▶ _What you should do_:
From the records below, set down exactly the lines starting with the line that contains "Chios Xenia Studios & Apartments - Image 3" and going on through the line that contains "Utilisé 2023 Suzuki". Nothing else is wanted.

▶ _Data_:
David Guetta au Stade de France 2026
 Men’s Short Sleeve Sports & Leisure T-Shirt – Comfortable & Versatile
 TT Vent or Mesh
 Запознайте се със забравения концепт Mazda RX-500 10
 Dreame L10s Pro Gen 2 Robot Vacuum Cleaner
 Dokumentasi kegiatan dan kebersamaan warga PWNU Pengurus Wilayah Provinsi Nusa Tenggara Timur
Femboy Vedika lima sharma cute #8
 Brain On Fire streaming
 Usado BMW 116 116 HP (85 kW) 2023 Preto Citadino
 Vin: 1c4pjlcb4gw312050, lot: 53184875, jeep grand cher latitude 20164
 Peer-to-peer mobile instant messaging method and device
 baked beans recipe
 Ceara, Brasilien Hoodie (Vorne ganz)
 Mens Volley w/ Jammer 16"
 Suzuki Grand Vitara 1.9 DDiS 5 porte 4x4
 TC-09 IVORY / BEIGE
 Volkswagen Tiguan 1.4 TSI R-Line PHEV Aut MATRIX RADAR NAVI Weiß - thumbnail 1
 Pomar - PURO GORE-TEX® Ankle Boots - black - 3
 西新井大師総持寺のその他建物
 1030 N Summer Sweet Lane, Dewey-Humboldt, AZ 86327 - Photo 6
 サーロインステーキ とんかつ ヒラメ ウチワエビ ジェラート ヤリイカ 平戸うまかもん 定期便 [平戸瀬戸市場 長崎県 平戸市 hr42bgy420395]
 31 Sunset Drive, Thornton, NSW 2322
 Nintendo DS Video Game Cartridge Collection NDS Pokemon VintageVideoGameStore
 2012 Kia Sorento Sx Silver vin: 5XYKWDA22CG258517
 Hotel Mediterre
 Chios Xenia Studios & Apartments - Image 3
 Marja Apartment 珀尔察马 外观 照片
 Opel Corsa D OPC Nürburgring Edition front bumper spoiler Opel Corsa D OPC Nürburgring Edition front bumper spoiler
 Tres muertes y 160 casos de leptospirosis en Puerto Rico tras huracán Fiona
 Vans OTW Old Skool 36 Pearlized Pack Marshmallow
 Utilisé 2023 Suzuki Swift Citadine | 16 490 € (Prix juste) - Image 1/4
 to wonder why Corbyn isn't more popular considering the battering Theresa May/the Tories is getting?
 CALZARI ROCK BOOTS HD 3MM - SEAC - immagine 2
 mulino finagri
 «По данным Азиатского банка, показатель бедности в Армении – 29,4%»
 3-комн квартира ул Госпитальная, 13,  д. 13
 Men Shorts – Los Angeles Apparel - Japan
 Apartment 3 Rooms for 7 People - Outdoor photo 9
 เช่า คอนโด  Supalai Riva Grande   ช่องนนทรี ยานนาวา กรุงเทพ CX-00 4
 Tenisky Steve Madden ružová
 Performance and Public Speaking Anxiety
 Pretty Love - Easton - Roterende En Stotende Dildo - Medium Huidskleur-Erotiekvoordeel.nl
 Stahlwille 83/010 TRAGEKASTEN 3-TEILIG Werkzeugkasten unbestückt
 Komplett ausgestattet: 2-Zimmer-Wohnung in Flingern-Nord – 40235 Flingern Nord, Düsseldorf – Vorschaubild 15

▶ _Written reply_:
 Chios Xenia Studios & Apartments - Image 3
 Marja Apartment 珀尔察马 外观 照片
 Opel Corsa D OPC Nürburgring Edition front bumper spoiler Opel Corsa D OPC Nürburgring Edition front bumper spoiler
 Tres muertes y 160 casos de leptospirosis en Puerto Rico tras huracán Fiona
 Vans OTW Old Skool 36 Pearlized Pack Marshmallow
 Utilisé 2023 Suzuki Swift Citadine | 16 490 € (Prix juste) - Image 1/4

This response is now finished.